** DATA FOR THIS TASK follows **

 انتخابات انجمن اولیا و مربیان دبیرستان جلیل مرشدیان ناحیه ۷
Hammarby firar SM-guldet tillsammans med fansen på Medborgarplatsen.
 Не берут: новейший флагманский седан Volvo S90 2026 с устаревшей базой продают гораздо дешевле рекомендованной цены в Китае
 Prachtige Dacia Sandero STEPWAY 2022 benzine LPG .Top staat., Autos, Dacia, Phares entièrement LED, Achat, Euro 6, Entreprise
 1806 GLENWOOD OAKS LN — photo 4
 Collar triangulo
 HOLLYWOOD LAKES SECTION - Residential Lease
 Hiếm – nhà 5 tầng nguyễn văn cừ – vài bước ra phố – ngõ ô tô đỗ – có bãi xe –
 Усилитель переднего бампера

** End of DATA FOR THIS TASK **

▸ **DESCRIPTION OF THE TASK**:
Having found the line with "Prachtige Dacia Sandero" in the listing above, transcribe it and every line after it to the end, exactly, with no additions.

▸ **WRITTEN REPLY**:
 Prachtige Dacia Sandero STEPWAY 2022 benzine LPG .Top staat., Autos, Dacia, Phares entièrement LED, Achat, Euro 6, Entreprise
 1806 GLENWOOD OAKS LN — photo 4
 Collar triangulo
 HOLLYWOOD LAKES SECTION - Residential Lease
 Hiếm – nhà 5 tầng nguyễn văn cừ – vài bước ra phố – ngõ ô tô đỗ – có bãi xe –
 Усилитель переднего бампера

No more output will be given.